Working with a partner, read both pieces aloud and ask your partner to identify which piece is autobiographical and which piece is fictional. Is it easy or difficult to tell the difference? Why? Which is easier to write, fiction or autobiography? Why? Is it possible to write autobiography that is strictly factual?
Biography and Autobiography
Print the biography of James Agee and distribute to students. What important event in James Agee's childhood is the basis for the novel and the film? When you start reading a novel or watch the opening scenes of a movie, do you consider it a pro or a con to know that the work is based on a "true story"? Why? Does it strengthen or weaken the work if the storyteller is the one who lived through the experience? Do you think an adult reader can recall and capture what he or she thought, felt, and witnessed as a child?
Without introduction, play a recording of Samuel Barber's orchestral song Knoxville: Summer of 1915 and lead the students in guided freewriting. Listening to the music, what kind of setting -- place, year, time of day, season -- is evoked? What colors does the music conjure in your mind? What does the scenery look like? Try to picture people in this setting. What are they doing? What are they wearing? What are they feeling?
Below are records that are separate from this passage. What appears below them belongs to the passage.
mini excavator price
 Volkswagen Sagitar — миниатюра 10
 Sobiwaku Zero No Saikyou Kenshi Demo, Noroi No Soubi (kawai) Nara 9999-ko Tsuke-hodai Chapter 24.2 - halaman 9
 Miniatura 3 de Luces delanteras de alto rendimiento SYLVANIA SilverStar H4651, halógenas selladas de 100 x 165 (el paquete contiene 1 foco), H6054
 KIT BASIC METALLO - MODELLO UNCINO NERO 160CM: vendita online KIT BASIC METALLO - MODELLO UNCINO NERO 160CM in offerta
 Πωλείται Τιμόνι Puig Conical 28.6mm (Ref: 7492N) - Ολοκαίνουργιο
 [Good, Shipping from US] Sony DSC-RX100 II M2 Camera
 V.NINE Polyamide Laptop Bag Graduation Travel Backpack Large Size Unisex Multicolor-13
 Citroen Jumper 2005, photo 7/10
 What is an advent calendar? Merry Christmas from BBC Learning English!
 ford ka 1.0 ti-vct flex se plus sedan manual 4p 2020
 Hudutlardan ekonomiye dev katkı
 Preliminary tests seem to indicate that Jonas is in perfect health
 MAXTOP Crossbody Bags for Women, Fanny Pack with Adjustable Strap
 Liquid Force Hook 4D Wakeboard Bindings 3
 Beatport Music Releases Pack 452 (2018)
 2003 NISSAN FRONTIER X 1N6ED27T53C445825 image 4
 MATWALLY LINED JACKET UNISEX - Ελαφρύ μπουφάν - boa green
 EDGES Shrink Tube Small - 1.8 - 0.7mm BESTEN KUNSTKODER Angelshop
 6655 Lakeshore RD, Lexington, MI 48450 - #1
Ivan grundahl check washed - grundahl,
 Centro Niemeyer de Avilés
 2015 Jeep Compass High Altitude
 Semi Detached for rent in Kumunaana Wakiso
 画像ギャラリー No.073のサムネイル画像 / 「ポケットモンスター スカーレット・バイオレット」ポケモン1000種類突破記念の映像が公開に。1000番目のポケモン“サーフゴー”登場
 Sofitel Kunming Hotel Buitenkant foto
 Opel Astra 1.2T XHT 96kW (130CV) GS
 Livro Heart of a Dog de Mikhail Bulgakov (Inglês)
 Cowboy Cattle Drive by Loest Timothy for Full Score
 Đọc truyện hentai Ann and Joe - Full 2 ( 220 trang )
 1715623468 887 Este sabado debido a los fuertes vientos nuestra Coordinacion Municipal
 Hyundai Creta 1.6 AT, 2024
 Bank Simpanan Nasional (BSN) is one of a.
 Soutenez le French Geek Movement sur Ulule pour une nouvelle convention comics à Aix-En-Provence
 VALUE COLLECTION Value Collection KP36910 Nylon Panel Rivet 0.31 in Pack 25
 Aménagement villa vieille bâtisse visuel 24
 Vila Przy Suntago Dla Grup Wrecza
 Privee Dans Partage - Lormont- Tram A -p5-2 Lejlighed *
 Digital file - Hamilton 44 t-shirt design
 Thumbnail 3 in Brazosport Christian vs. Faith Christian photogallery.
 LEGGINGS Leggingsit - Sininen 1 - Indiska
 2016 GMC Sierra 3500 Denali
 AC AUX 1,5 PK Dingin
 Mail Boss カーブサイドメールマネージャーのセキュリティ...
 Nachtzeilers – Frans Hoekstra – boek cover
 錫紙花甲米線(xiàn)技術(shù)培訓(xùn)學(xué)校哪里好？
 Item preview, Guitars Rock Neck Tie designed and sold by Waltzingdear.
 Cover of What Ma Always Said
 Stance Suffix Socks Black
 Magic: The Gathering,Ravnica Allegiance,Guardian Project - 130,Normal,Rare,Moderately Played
Follow up the writing by asking students to read "Knoxville: Summer, 1915," the memoir that Agee's editors placed at the front of the novel to serve as a prologue. How well do you think Samuel Barber interpreted this piece of writing? Show students the photographs of Knoxville in the photo essay on the Web site. How does Agee's description of his neighborhood, his home, and its inhabitants compare to what you imagined as you listened to the music? How does Knoxville in 1915 compare to the neighborhoods in the city or town in which you live? What is different? What is the same?
Through the Eyes of a Child
Recall the scene in the film when Rufus and his father walk by the hat store. Have students pair up in twos or threes. In each group, let one student "be" Rufus and think and act like a six or seven year old. Let the other student "be" the father or the mother (they can improvise what she might have said or felt if she had been with them when they passed by the store) and think like a grown-up. Now have one (or more) group(s) of students re-enact the scene, with both the "child" and the "adult" exaggerating what they are feeling.
Ask each of the other groups of students to write a one-or-two-paragraph description from the point of view of the character (child or adult) they've taken on about how the walk past the hat store made them feel. Have volunteers to read their descriptions out loud. Why do they disagree about whether and when Rufus should get a new cap? Note differences in tone, in point of view, and in vocabulary.
Discuss the differences between a child's and an adult's perspective. What does the child desire, and what does he fear? What about the mother and father? How are the fears of the adults and their sense of what is important different from a child's? How is an adult's perspective on an event different than a child's?